_BRIEF_: Only the lines below from the one containing "雨点落在雨伞上水滴落下概念镜头水资源淡水" through the one containing "Palm Springs Oasis" belong in the answer, set down exactly, with the pictures left out.

_GIVEN RECORDS_:
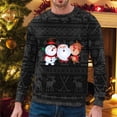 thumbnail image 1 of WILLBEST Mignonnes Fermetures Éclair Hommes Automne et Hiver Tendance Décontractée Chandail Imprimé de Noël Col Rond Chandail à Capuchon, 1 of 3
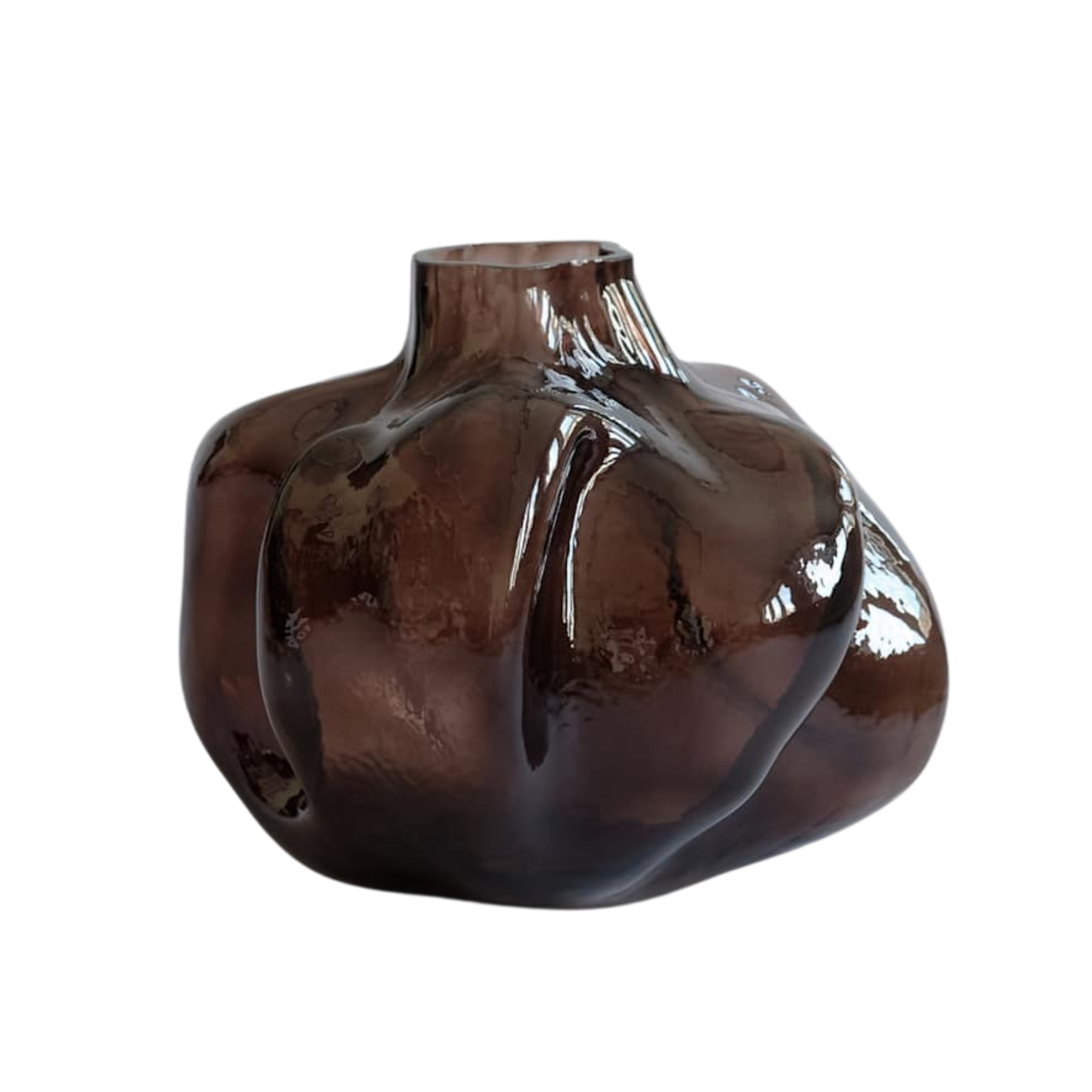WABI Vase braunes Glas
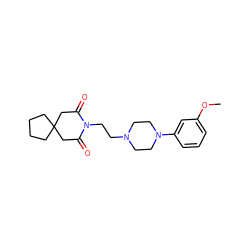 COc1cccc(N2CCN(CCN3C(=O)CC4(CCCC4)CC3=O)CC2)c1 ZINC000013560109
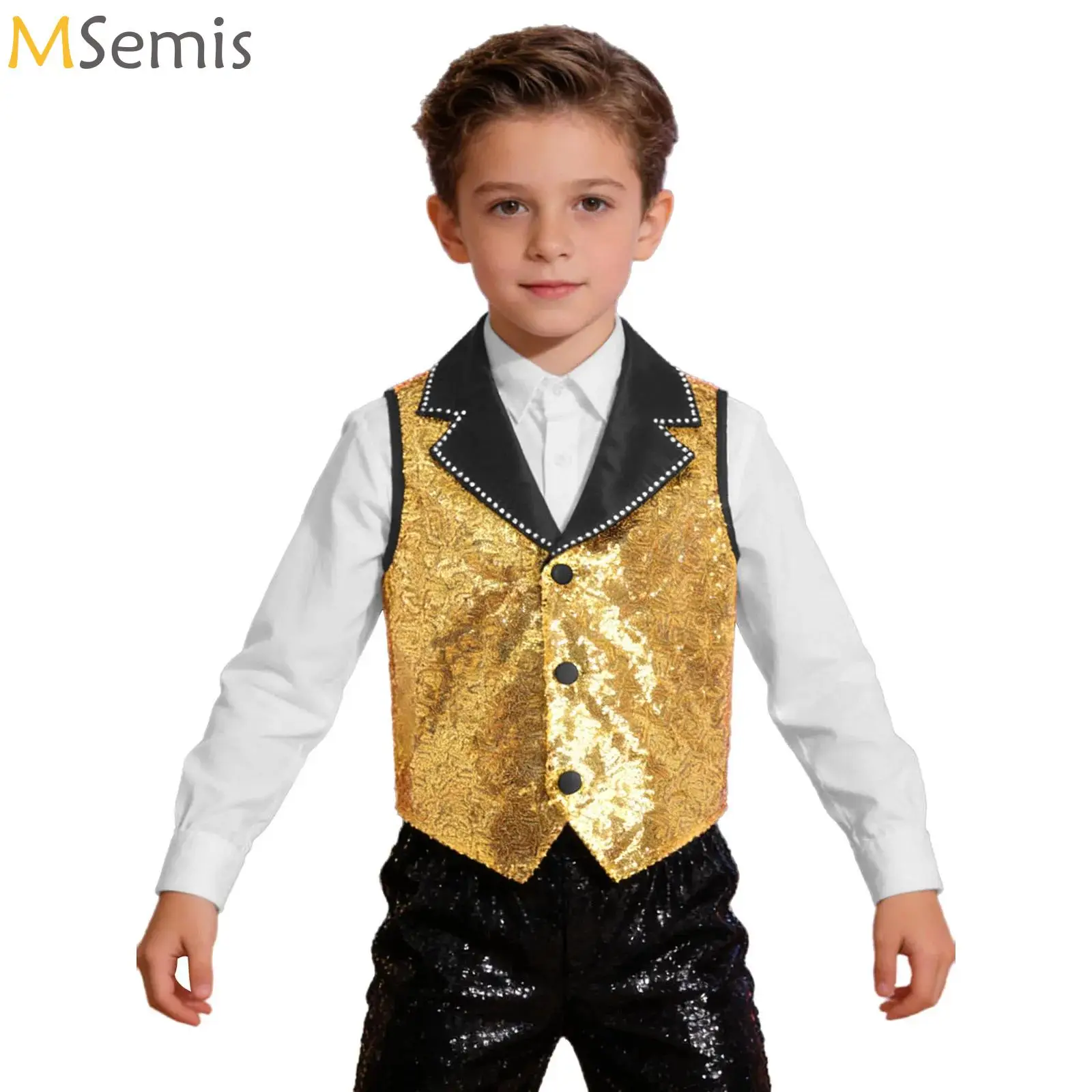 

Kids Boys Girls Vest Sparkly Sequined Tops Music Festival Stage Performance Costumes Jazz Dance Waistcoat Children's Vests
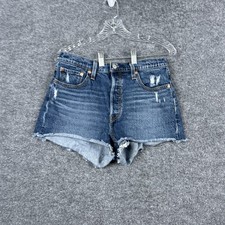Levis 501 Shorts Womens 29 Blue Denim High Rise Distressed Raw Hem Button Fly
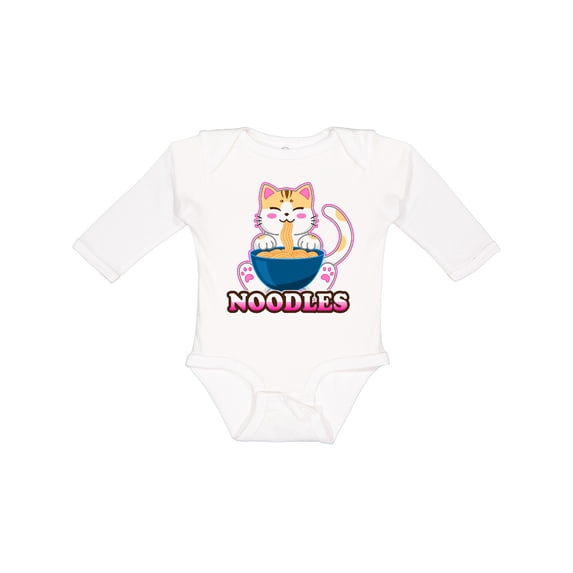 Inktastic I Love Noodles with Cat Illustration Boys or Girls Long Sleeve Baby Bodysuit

==

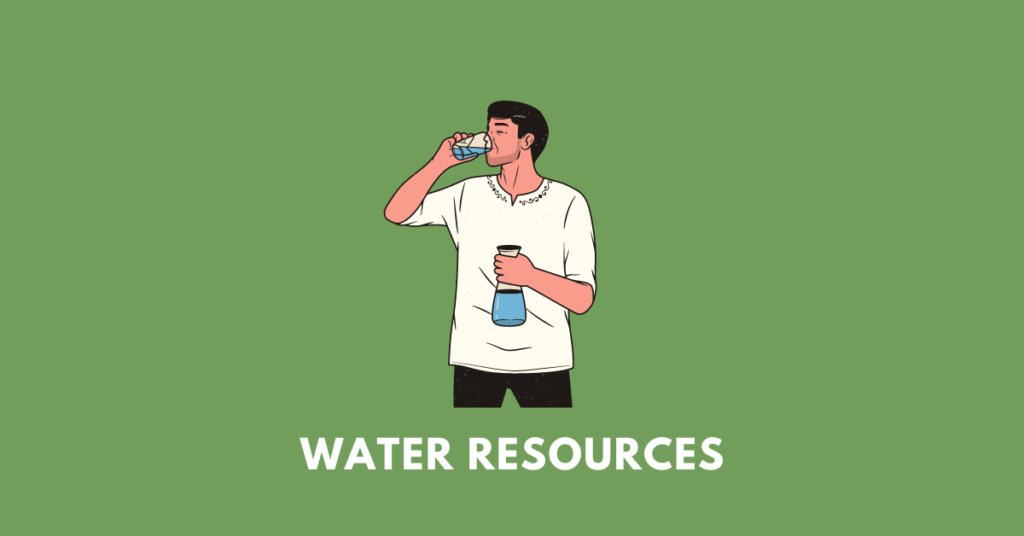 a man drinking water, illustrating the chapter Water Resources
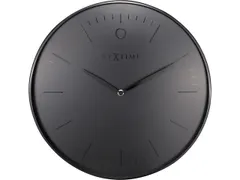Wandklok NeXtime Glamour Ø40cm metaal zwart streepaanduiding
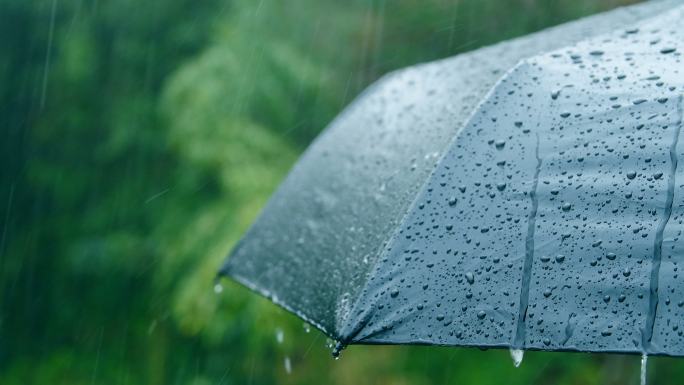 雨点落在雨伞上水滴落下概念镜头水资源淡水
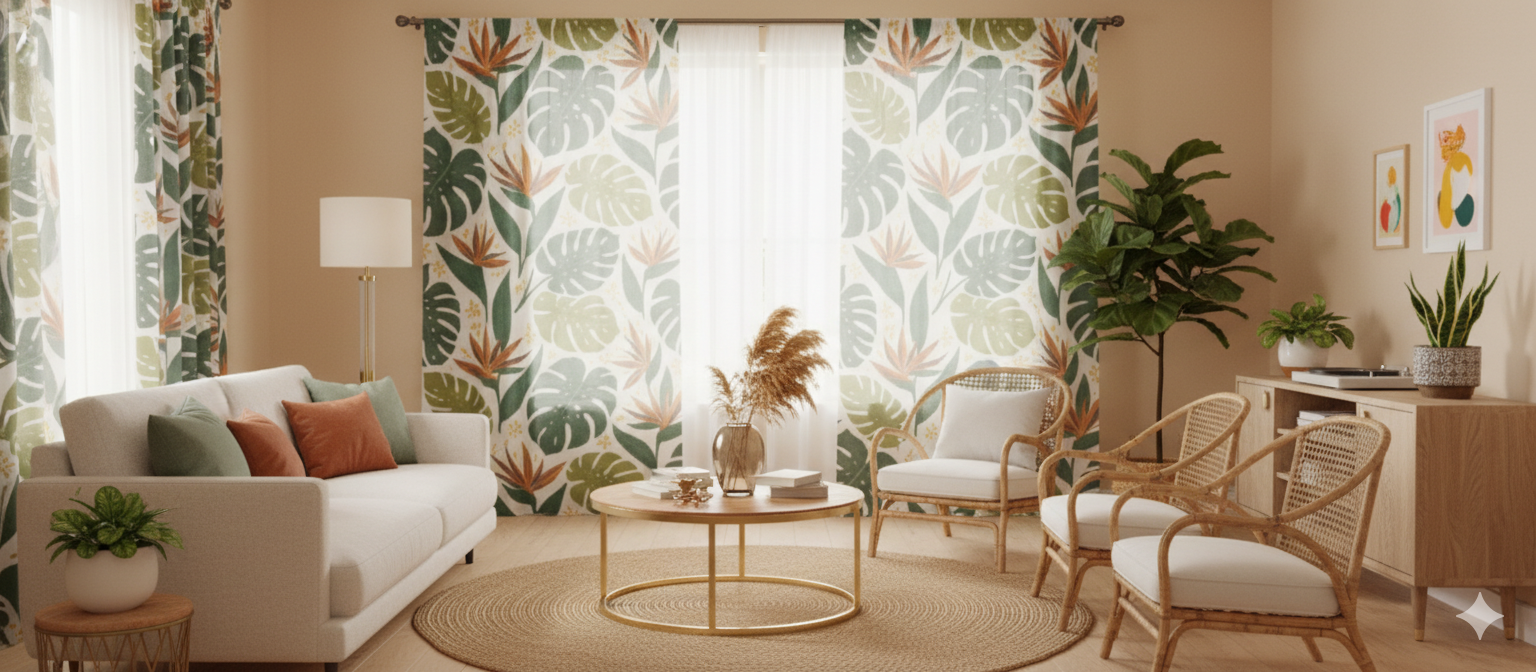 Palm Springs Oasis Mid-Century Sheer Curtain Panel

* * *

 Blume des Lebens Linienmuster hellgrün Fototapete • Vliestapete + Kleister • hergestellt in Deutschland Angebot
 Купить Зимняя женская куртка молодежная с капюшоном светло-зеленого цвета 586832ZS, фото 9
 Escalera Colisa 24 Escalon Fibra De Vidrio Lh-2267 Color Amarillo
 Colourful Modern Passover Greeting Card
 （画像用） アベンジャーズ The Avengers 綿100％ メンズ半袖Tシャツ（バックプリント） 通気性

_RESULT FOR THIS TASK_:
 雨点落在雨伞上水滴落下概念镜头水资源淡水
 Palm Springs Oasis Mid-Century Sheer Curtain Panel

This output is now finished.